Write out the following listing's lines from the one with "Spacious Desert Getaway!" to the one with "Delightful Exclusive Attractive", exactly, with both included and no others.

*** Opening of Task data ***

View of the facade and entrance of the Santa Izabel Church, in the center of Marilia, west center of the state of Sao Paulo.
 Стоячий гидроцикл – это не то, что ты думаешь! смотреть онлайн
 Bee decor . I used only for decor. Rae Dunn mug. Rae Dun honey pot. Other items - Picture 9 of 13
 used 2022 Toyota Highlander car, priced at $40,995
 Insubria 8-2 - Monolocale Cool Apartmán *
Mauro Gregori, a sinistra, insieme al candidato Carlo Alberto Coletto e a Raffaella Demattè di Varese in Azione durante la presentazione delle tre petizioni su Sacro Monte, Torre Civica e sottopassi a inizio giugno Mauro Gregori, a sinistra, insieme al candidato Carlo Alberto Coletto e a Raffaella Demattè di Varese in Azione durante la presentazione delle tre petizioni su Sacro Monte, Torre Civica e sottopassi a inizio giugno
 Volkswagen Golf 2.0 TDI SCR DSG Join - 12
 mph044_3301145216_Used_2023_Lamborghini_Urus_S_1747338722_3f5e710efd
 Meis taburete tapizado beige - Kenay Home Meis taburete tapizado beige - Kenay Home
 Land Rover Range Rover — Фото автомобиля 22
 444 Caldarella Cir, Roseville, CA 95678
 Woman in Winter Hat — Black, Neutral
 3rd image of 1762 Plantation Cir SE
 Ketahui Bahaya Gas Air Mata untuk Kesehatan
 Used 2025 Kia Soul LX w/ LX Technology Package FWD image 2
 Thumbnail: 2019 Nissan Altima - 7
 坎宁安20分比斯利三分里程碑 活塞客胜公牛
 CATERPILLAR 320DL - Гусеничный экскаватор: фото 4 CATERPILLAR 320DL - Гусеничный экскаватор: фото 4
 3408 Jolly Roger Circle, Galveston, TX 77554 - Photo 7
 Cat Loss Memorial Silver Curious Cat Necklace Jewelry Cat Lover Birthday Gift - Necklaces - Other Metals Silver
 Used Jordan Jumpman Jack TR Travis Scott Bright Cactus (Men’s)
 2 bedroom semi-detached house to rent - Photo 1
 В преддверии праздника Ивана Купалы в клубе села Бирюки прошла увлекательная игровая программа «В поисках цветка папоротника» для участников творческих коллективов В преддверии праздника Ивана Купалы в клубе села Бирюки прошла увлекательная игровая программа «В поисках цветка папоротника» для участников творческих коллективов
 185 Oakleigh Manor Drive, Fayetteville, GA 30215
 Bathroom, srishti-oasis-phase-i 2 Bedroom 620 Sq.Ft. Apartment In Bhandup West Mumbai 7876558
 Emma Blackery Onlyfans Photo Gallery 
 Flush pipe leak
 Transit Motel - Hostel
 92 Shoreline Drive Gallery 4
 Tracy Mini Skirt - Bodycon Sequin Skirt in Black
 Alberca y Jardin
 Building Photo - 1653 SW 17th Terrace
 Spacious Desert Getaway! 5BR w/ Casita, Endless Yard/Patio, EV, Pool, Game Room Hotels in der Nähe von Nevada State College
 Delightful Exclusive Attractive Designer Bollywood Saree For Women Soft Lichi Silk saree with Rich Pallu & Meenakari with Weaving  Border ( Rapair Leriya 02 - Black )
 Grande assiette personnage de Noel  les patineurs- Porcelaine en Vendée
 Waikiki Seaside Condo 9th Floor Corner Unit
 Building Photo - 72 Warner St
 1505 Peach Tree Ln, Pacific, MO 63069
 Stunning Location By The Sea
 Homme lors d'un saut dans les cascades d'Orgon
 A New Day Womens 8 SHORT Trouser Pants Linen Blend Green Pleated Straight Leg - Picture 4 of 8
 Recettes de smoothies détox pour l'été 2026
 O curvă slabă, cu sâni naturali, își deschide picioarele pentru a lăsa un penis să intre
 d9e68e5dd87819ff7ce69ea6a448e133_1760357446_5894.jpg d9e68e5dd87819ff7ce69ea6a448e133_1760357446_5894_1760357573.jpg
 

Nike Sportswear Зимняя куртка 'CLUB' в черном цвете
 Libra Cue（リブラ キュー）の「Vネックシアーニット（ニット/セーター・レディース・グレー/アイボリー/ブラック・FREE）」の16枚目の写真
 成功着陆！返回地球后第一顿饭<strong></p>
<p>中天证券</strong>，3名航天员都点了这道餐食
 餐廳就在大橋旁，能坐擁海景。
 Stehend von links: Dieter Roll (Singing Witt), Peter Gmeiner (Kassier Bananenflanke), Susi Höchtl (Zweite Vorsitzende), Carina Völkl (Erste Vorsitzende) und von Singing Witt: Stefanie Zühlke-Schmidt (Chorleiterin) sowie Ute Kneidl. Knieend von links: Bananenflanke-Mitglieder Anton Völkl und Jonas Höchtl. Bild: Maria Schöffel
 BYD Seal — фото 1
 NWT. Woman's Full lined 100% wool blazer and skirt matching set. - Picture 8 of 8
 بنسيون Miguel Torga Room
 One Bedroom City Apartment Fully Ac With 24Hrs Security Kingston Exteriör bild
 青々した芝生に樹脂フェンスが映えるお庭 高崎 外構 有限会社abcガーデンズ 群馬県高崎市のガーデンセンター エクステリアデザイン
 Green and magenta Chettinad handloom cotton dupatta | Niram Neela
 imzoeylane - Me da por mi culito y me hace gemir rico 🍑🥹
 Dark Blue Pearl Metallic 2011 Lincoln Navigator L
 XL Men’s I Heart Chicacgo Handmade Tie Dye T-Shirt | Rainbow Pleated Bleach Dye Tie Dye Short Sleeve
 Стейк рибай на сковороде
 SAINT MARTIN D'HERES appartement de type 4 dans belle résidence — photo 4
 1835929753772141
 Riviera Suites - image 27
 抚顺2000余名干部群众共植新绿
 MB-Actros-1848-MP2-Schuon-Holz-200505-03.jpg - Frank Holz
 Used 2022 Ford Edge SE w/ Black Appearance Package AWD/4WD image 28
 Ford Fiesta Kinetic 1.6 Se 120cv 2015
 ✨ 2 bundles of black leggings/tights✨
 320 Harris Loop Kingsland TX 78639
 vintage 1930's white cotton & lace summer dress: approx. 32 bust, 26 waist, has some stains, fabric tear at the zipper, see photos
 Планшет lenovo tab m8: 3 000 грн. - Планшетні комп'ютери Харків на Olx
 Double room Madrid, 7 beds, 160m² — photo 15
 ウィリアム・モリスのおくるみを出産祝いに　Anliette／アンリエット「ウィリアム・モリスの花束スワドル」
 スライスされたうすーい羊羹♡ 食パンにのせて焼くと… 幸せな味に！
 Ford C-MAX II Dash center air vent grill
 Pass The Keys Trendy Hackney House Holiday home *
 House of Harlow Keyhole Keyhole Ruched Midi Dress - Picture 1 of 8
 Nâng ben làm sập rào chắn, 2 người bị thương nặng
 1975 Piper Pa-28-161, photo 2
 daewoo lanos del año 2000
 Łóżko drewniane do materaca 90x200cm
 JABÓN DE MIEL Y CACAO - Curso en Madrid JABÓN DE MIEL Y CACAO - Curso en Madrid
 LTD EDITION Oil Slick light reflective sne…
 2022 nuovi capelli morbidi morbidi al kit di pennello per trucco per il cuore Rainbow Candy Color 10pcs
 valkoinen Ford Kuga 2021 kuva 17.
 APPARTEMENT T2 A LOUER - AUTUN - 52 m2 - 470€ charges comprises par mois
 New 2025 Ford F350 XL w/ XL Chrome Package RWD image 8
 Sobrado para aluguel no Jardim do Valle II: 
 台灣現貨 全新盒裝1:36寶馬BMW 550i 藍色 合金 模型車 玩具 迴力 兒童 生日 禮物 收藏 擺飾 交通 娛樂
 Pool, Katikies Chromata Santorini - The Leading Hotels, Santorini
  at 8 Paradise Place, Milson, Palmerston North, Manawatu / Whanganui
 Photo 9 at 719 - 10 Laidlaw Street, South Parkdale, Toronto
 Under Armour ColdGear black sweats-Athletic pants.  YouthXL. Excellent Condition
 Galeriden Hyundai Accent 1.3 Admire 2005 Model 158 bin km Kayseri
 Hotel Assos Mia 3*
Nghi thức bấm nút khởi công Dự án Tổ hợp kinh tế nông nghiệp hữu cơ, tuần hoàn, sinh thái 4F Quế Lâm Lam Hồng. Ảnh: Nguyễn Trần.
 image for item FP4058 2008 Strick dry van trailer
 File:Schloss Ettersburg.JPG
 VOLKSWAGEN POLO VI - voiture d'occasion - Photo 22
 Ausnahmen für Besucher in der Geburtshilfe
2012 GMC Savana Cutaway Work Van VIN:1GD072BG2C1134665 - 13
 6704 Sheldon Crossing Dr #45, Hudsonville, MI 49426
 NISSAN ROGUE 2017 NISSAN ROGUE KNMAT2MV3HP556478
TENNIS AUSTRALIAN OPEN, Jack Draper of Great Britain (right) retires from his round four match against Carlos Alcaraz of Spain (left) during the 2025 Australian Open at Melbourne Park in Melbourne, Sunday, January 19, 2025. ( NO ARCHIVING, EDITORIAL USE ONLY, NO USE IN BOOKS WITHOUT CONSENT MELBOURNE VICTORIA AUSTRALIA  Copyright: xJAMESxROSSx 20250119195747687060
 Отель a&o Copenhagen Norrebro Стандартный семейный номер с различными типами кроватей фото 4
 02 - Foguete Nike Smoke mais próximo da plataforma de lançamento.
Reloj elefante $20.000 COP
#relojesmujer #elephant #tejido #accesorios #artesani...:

*** Close of Task data ***

▶ Expected answer:
 Spacious Desert Getaway! 5BR w/ Casita, Endless Yard/Patio, EV, Pool, Game Room Hotels in der Nähe von Nevada State College
 Delightful Exclusive Attractive Designer Bollywood Saree For Women Soft Lichi Silk saree with Rich Pallu & Meenakari with Weaving  Border ( Rapair Leriya 02 - Black )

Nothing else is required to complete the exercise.